KANGEN nonton film dengan gaya bertutur yang irit pemain, menegangkan, dan potensial nggak bikin ngantuk karena berteka-teki macam Locke dan Buried lagi? Tonton film ini.

Mengisahkan tentang seorang polisi, yang tengah piket di pusat telepon darurat pada malam hari, sedang mendapatkan kontak permintaang tolong dari seorang perempuan korban penculikan. Si polisi bernama Asger ini berkejaran dengan waktu menolong si penelepon hanya melalui komunikasi layanan telepon kantor pusat darurat.
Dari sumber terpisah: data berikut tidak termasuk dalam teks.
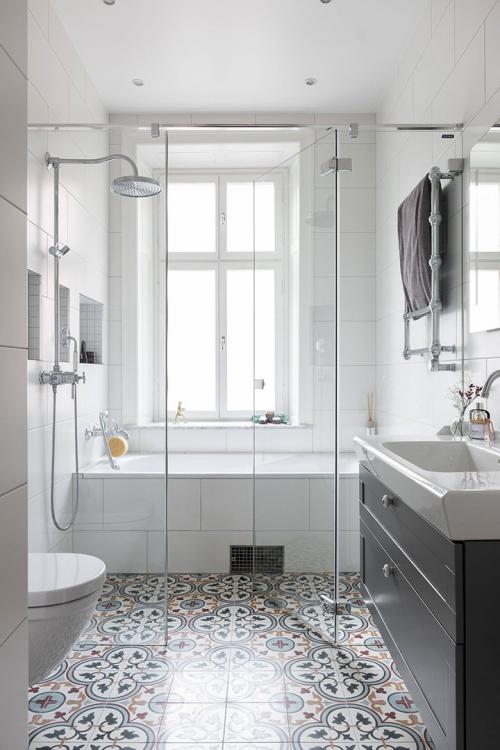 Квартира в легких пастельных оттенках 12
Film dengan pemeran yang irit, tentu memberikan beban yang cukup berat pada pundak pemeran utamanya. Untung saja si pemeran karakter utama dalam film ini menjalankan tugasnya cukup memuaskan. Rona wajah tegang, gundah, dan resahnya cukup membuat saya dapat memasuki nuansa ketegangan yang ingin diciptakan oleh si sutradara melalui liukan demi liukan dialog dalam plotnya.

Yang paling patut diapresiasi dari film ini adalah ide dasar konflik yang diciptakan untuk menggerakkan roda plotnya supaya makin ke belakang makin mengikat penontonnya untuk bersama-sama dengan karakter utama dalam film menuntaskan petualangan dialogis melalui sambungan telepon. Visualisasi tergantikan oleh dialog verbal yang mana membuat saya sebagai penonton sedikit merasa seperti mengikuti sandiwara radio yang diperkuat dengan gambaran ekspresi wajah karakternya.

Pemilihan kasus utama yang diangkat cukup cermat, berikut mempertimbangkan konteks sosial set film yakni di Kopenhagen. Bukanlah sensasi kamuflase dari pelintiran plot yang membuat saya senang menikmati film ini, melainkan lebih pada aspek permainan drama intuisi psikologis yang reflektif. Satu film kecil (ditilik dari skala produksinya) yang disodorkan ke Akademi Oscar 2019 sebagai perwakilan dari Denmark ini menyajikan drama instingtif yang manusiawi. (ila)

*Penulis adalah penggemar film dalam negeri dan penikmat The Chemical Brothers yang bermukim di Jogja Utara.